Everything was very dreamy now for a time. His head throbbed and felt confused, and a sickly, deathly sensation made his brain reel. By degrees this passed away, and he lay gazing at the strange opalescent something through which he felt that he had passed, and by degrees he realised that he was watching the great curtain of mist made glorious by the sunshine, and easily understood now why, in his strange semi-insensibility, this had seemed to be a liquid through which he had crawled while breathing the strange mephitic air.

“Then I did go in the right direction,” was his next thought, as he still lay feeble and languid, and as if regaining his senses after taking some powerful opiate.
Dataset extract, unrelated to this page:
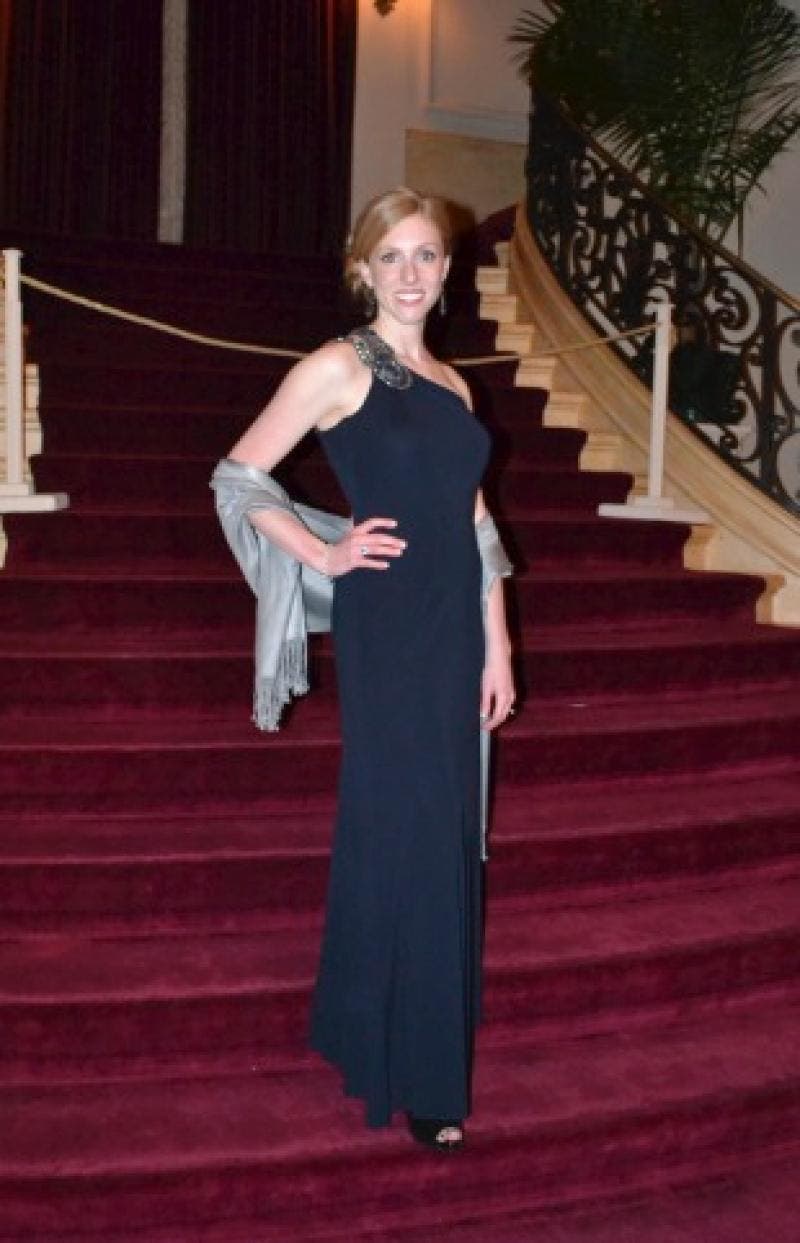 review thumbnail images 16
He felt a kind of satisfaction at this, and luxuriously drew in great draughts of soft warm air. For it was a delight to breathe freely, and lie there without making any exertion. The trees were so green and bright, and the flowers of such delicious tints, especially those he could see climbing up and up, and spreading their wealth of blossoms in one spot, till that was one lovely sheet of colour.

“It doesn’t matter.”

These words pretty well expressed Oliver Lane’s thoughts for some time before he attempted to move. The past, save and except the dim memory of his having been in some trouble in a mist and losing his way, had no existence for him, and the young man lay there in a state of the most intense egotism, utterly prostrate, but supremely content.

Then all at once there was a change.